(181az) Modeling of Diffusion in Epoxy Resin Composites | AIChE

(181az) Modeling of Diffusion in Epoxy Resin Composites

Authors 

Krenn, P. - Presenter, Graz University of Technology
Zimmermann, P., Graz University of Technology
Zeiner, T., Graz University of Technology
Epoxy resin composites offer a wide range of applications such as protective coatings, encapsulations and light-weight structures. If epoxy resin composites are used for the encapsulation of moisture sensitive parts, it is essential that a diffusion of steam and liquids to the sensitive parts is prevented. This project deals with the measurement and modeling of the diffusion through an epoxy cresol novolac resin with inorganic fillers.

To examine the diffusion composite samples were dried until mass no longer decreased. Then the samples were placed in various solvents and weighed in time intervals with a microbalance until the mass no longer increased. As solvents saturated water steam as well as the three different liquids water, heptane and isopropanol were used. For each solvent three different temperatures were investigated.

In order to model the diffusion, the solvent uptake in pure epoxy resin in equilibrium was modelled first. Therefore, the Perturbed-Chain Statistical Associating Fluid Theory (PC-SAFT) equation of state is used [1]. Due to the solvent uptake the polymer chains are stretched, which causes forces acting against a further solvent uptake.
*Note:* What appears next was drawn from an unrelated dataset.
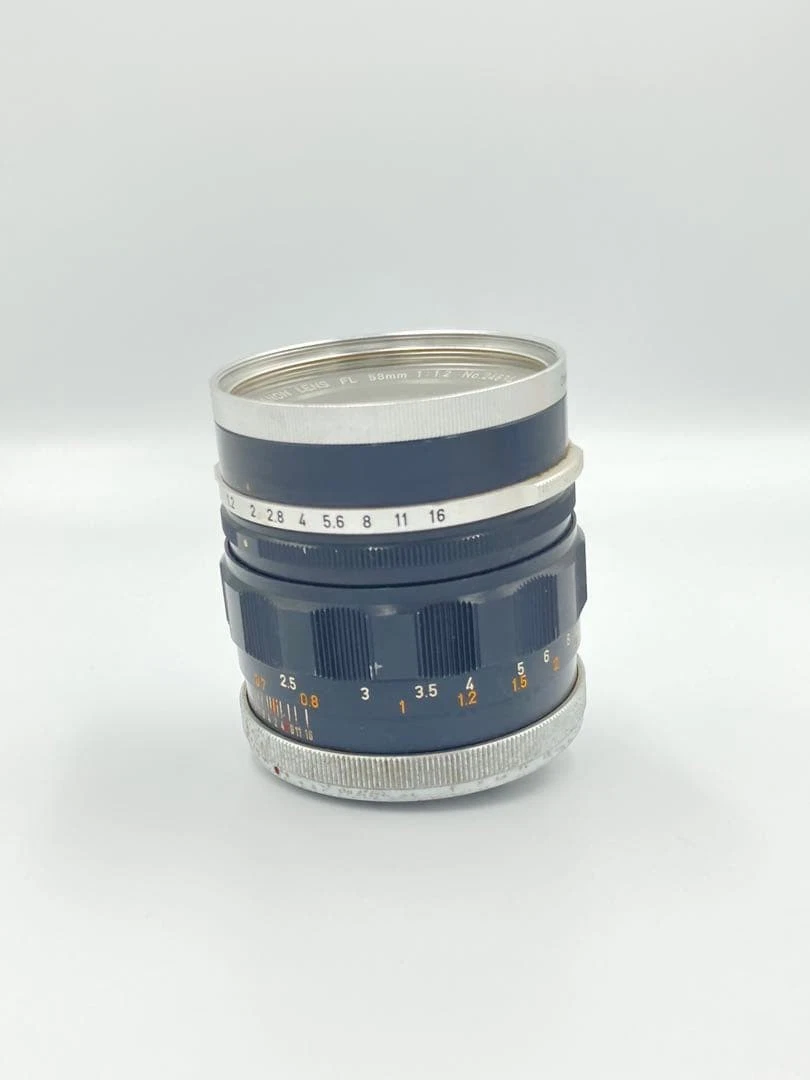 Canon FL f/1.2 Camera Lenses 58mm Focal for sale | eBay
These elastic forces are taken into account by combining PC-SAFT with the network term of Miao et al. [2]. This network term was already successfully combined with PC-SAFT by Arndt and Sadowski to calculate the swelling of a hydrogel [3]. The PC-SAFT parameters of the epoxy resin were fitted to the solvent uptake in equilibrium and to its density.
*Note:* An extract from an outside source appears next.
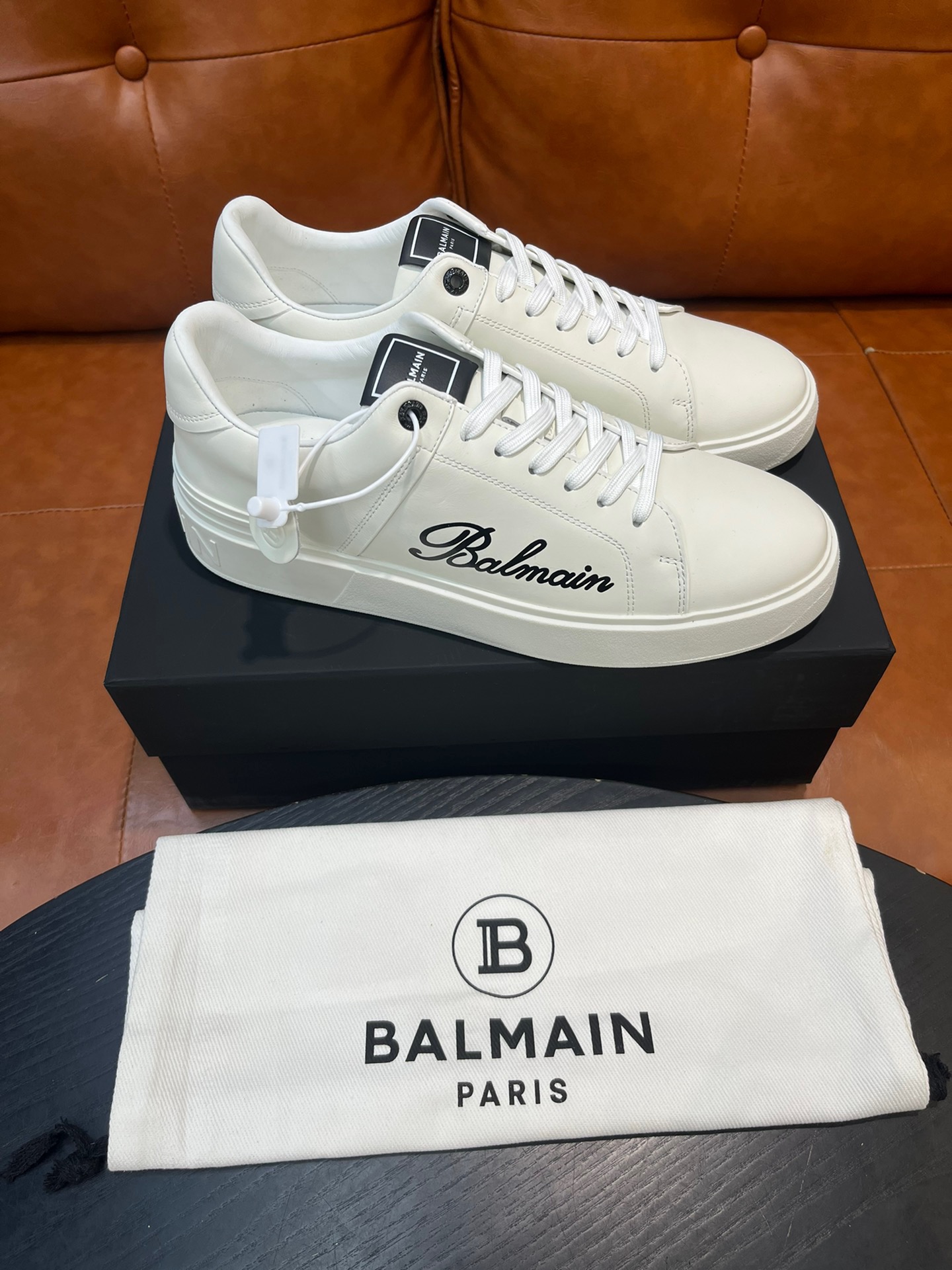 Men Top Quality B*almain shoes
After modeling the solvent uptake in equilibrium, the diffusion was modelled. Therefore the Maxwell-Stefan (MS) diffusion model is used, which is combined with the PC-SAFT equation of state. Since the MS diffusion coefficient is depending on the mixture, several models which connect the MS diffusion coefficient with the MS diffusion coefficient in infinite dilution are applied (e.g. Ogston model [4]) and discussed. The MS diffusion coefficient in infinite dilution was fitted to the measured mass increase over time.

We present the experiments of the diffusion kinetics of epoxy resins composites in saturated water steam and the three different liquids water, heptane and isopropanol. Furthermore, first modeling results are compared to the measured values and discussed.

[1] J. Gross and G. Sadowski, “Perturbed-Chain SAFT: An Equation of State Based on a Perturbation Theory for Chain Molecules,” Ind. Eng. Chem. Res., vol. 40, no. 4, pp. 1244–1260, 2001, doi:10.1021/ie0003887.

[2] B. Miao, T. A. Vilgis, S. Poggendorf, and G. Sadowski, “Effect of finite extensibility on the equilibrium chain size,” Macromol. Theory Simulations, vol. 19, no. 7, pp. 414–420, 2010, doi:10.1002/mats.201000009.

[3] M. C. Arndt and G. Sadowski, “Modeling poly(N-isopropylacrylamide) hydrogels in water/alcohol mixtures with PC-SAFT,” Macromolecules, vol. 45, no. 16, pp. 6686–6696, 2012, doi:10.1021/ma300683k.

[4] A. G. Ogston, B. N. Preston, and J. D. Wells, “On the Transport of Compact Particles Through Solutions of Chain-Polymers,” Proc. R. Soc. A Math. Phys. Eng. Sci., vol. 333, pp. 297–316, 1973, doi:10.1098/rspa.1973.0064.